Giordano first NHL player to win prestigious ESPY

When Mark Giordano and his wife Lauren imagined and established Team Giordano three years ago they didn’t set out to win awards for their charity work.

Giordano first NHL player to win prestigious ESPY

When Mark Giordano and his wife Lauren imagined and established Team Giordano three years ago they didn’t set out to win awards for their charity work.

They simply wanted to develop an initiative to support high-need schools in Calgary and provide students with a focus and encouragement in academics and physical fitness as well as promote healthy lifestyles, leadership and community involvement.

But the Team Giordano program has raised eyebrows not only in Calgary but across North America. That was evident when the 33-year-old Calgary Flames defenceman was honoured with the Muhammad Ali Sports Humanitarian Award at the annual ESPY Awards in Los Angeles this July.

“It was so cool,” Giordano said. “This is a unique event that honours all kinds of athletes for various achievements. It’s a different evening. It was something for me to be there, a tremendous honour.”

For his charity work, Giordano was named winner of the league’s 2016 foundation award and was a nominee with Nick Foligno and Ryan Getzlaf for the 2016-17 Mark Messier leadership award - won by Foligno in June.

Giordano found out after the season that he had been nominated for the ESPY award that pays homage to athletes “whose continuous, demonstrated leadership has created a positive impact on their community through sports.” The award was renamed for the renowned championship boxer after his death in June 2016.

The other nominees were four-time major golf champion Ernie Els, Arizona Cardinals wide receiver Larry Fitzgerald and New York Mets outfielder Curtis Granderson.

Giordano remarked that he not only was enthusiastic to be invited to the ESPY Awards, but that he met his football hero Aaron Rodgers, the quarterback of the Green Bay Packers, as well as Ali’s daughter Laila.

“I’m a big fan of NFL football and the Green Bay Packers,” Giordano said. “So it was neat to meet Aaron Rodgers and other athletes.”

Giordano has been an inspiration to kids long before he and his wife began the Team Giordano project in October 2014. When he was 14 his older sister Mia was killed in a car accident (he still honours his sister with two stick taps to his helmet after the national anthem).

The Toronto native also went undrafted after two decent seasons with the Owen Sound Attack. He scored 32 goals and 97 points in 133 regular season games in junior, but scouts didn’t seem to be interested in his services.

Giordano did attend a summer camp for the Arizona Coyotes, but he had enrolled at York University after his final season in Owen Sound, only to find out that the Flames presented him with a late invitation to their summer camp in 2004.

Giordano made the most of that opportunity. He wound up accepting an AHL contract from Calgary. But after three seasons bouncing back and forth between the minors and the Flames as well as a contract dispute he took a chance to go to Russia and play with Moscow Dynamo for a season. He proved his worth. He was part of the Canadian Spengler Cup-winning team and was named to the Canadian roster for the 2008 World Championship. A decade later, he has developed into one of the premier defencemen in the game and was named the Flames captain prior to the 2013-14 season after the departure of Jarome Iginla.
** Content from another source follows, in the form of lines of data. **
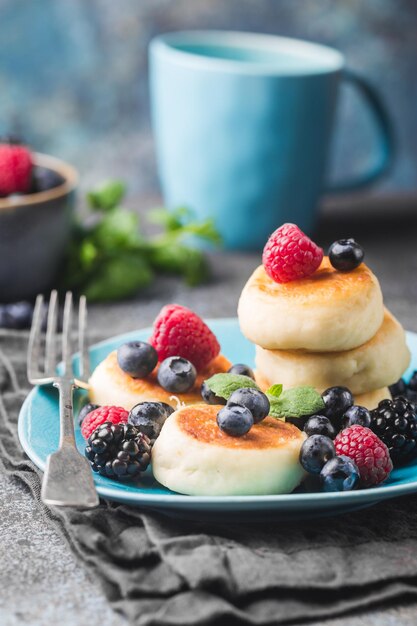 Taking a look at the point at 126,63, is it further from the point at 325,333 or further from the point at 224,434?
the point at 224,434

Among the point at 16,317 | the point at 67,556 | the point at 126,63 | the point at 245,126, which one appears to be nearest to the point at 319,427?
the point at 67,556

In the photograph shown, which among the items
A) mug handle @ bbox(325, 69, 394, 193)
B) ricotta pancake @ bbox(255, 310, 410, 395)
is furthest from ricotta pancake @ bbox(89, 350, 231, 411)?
mug handle @ bbox(325, 69, 394, 193)

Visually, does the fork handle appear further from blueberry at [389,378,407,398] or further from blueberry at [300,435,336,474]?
blueberry at [389,378,407,398]

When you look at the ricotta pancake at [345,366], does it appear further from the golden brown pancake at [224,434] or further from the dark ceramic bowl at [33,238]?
the dark ceramic bowl at [33,238]

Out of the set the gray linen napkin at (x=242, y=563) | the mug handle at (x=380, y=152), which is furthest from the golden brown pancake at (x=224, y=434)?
the mug handle at (x=380, y=152)

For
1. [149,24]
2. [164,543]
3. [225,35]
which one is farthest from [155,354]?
[149,24] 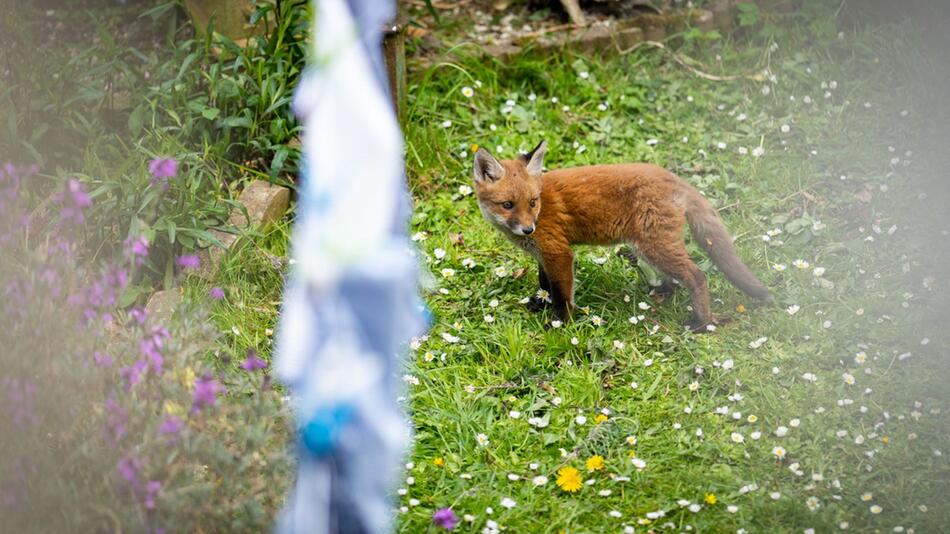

As Giordano’s game developed — he’s now played in 681 NHL regular season and playoff games — so did his thirst for off-ice endeavours. In three years, Team Giordano has raised more than $300,000 and impacted the lives of 1,900 youngsters. As part of his ESPY honour, his charity received a $100,000 grant.

“As a young guy you learn and you grow,” Giordano said. “You realize that there are opportunities to get involved in off-ice charity work. A lot of credit has to go to my wife. She’s a very giving person and I’ve learned so much from her.

“Financially, we’re in a position to do more, to give back. I’ve learned so much being involved with these kids. It’s a pretty special situation.”